THE PROBLEM = Down to the last line, restate the listing below exactly.

EXTRACTED DATA =
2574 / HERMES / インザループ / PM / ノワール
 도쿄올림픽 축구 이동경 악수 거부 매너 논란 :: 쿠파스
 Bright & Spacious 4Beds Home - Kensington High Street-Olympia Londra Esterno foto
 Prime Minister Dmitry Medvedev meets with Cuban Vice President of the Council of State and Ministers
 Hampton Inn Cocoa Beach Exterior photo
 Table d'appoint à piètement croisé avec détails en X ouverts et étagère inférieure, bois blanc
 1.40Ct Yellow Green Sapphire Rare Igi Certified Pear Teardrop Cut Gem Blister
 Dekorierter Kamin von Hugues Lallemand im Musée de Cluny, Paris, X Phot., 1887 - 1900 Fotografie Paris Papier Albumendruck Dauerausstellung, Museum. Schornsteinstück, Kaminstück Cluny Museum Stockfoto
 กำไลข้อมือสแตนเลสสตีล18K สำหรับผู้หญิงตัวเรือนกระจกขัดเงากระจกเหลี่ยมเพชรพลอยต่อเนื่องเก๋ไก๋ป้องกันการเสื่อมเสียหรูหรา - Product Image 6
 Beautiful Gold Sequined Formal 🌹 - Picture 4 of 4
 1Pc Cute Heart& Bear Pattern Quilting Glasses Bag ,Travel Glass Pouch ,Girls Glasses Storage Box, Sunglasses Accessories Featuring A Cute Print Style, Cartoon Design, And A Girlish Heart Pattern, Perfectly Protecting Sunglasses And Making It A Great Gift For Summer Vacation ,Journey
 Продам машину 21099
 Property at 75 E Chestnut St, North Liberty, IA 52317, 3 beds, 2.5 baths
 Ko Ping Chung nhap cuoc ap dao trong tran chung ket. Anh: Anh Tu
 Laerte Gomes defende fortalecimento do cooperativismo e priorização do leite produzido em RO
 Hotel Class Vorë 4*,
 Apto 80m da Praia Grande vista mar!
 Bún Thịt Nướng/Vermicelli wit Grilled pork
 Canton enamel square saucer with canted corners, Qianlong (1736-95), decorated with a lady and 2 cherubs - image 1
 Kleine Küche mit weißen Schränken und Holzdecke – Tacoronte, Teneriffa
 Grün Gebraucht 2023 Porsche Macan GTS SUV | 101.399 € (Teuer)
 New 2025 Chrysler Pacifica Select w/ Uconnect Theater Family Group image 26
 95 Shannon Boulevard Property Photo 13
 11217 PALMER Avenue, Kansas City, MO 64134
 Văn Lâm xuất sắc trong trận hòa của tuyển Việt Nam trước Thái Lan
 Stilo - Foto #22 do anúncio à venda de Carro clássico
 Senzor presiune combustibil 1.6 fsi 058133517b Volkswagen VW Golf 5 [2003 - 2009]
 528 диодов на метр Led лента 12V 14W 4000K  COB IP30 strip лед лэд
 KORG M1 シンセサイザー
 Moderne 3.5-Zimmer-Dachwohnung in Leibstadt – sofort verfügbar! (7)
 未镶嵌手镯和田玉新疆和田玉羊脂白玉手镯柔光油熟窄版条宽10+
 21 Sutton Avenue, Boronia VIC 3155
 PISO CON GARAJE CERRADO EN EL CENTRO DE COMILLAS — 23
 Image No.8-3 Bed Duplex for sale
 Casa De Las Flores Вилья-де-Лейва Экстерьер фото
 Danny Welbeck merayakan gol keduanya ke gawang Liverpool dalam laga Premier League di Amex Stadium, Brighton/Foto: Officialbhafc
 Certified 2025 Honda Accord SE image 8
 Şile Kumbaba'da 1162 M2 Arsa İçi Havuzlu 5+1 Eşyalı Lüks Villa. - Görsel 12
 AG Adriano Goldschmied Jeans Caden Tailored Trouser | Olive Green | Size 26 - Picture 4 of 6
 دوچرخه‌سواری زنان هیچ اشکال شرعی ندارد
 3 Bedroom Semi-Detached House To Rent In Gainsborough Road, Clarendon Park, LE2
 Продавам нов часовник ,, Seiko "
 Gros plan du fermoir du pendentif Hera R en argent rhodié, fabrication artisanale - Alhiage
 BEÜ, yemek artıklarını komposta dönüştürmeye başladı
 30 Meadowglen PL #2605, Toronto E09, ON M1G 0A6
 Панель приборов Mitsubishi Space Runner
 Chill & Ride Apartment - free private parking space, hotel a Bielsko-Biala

RESPONSE AREA =
2574 / HERMES / インザループ / PM / ノワール
 도쿄올림픽 축구 이동경 악수 거부 매너 논란 :: 쿠파스
 Bright & Spacious 4Beds Home - Kensington High Street-Olympia Londra Esterno foto
 Prime Minister Dmitry Medvedev meets with Cuban Vice President of the Council of State and Ministers
 Hampton Inn Cocoa Beach Exterior photo
 Table d'appoint à piètement croisé avec détails en X ouverts et étagère inférieure, bois blanc
 1.40Ct Yellow Green Sapphire Rare Igi Certified Pear Teardrop Cut Gem Blister
 Dekorierter Kamin von Hugues Lallemand im Musée de Cluny, Paris, X Phot., 1887 - 1900 Fotografie Paris Papier Albumendruck Dauerausstellung, Museum. Schornsteinstück, Kaminstück Cluny Museum Stockfoto
 กำไลข้อมือสแตนเลสสตีล18K สำหรับผู้หญิงตัวเรือนกระจกขัดเงากระจกเหลี่ยมเพชรพลอยต่อเนื่องเก๋ไก๋ป้องกันการเสื่อมเสียหรูหรา - Product Image 6
 Beautiful Gold Sequined Formal 🌹 - Picture 4 of 4
 1Pc Cute Heart& Bear Pattern Quilting Glasses Bag ,Travel Glass Pouch ,Girls Glasses Storage Box, Sunglasses Accessories Featuring A Cute Print Style, Cartoon Design, And A Girlish Heart Pattern, Perfectly Protecting Sunglasses And Making It A Great Gift For Summer Vacation ,Journey
 Продам машину 21099
 Property at 75 E Chestnut St, North Liberty, IA 52317, 3 beds, 2.5 baths
 Ko Ping Chung nhap cuoc ap dao trong tran chung ket. Anh: Anh Tu
 Laerte Gomes defende fortalecimento do cooperativismo e priorização do leite produzido em RO
 Hotel Class Vorë 4*,
 Apto 80m da Praia Grande vista mar!
 Bún Thịt Nướng/Vermicelli wit Grilled pork
 Canton enamel square saucer with canted corners, Qianlong (1736-95), decorated with a lady and 2 cherubs - image 1
 Kleine Küche mit weißen Schränken und Holzdecke – Tacoronte, Teneriffa
 Grün Gebraucht 2023 Porsche Macan GTS SUV | 101.399 € (Teuer)
 New 2025 Chrysler Pacifica Select w/ Uconnect Theater Family Group image 26
 95 Shannon Boulevard Property Photo 13
 11217 PALMER Avenue, Kansas City, MO 64134
 Văn Lâm xuất sắc trong trận hòa của tuyển Việt Nam trước Thái Lan
 Stilo - Foto #22 do anúncio à venda de Carro clássico
 Senzor presiune combustibil 1.6 fsi 058133517b Volkswagen VW Golf 5 [2003 - 2009]
 528 диодов на метр Led лента 12V 14W 4000K  COB IP30 strip лед лэд
 KORG M1 シンセサイザー
 Moderne 3.5-Zimmer-Dachwohnung in Leibstadt – sofort verfügbar! (7)
 未镶嵌手镯和田玉新疆和田玉羊脂白玉手镯柔光油熟窄版条宽10+
 21 Sutton Avenue, Boronia VIC 3155
 PISO CON GARAJE CERRADO EN EL CENTRO DE COMILLAS — 23
 Image No.8-3 Bed Duplex for sale
 Casa De Las Flores Вилья-де-Лейва Экстерьер фото
 Danny Welbeck merayakan gol keduanya ke gawang Liverpool dalam laga Premier League di Amex Stadium, Brighton/Foto: Officialbhafc
 Certified 2025 Honda Accord SE image 8
 Şile Kumbaba'da 1162 M2 Arsa İçi Havuzlu 5+1 Eşyalı Lüks Villa. - Görsel 12
 AG Adriano Goldschmied Jeans Caden Tailored Trouser | Olive Green | Size 26 - Picture 4 of 6
 دوچرخه‌سواری زنان هیچ اشکال شرعی ندارد
 3 Bedroom Semi-Detached House To Rent In Gainsborough Road, Clarendon Park, LE2
 Продавам нов часовник ,, Seiko "
 Gros plan du fermoir du pendentif Hera R en argent rhodié, fabrication artisanale - Alhiage
 BEÜ, yemek artıklarını komposta dönüştürmeye başladı
 30 Meadowglen PL #2605, Toronto E09, ON M1G 0A6
 Панель приборов Mitsubishi Space Runner
 Chill & Ride Apartment - free private parking space, hotel a Bielsko-Biala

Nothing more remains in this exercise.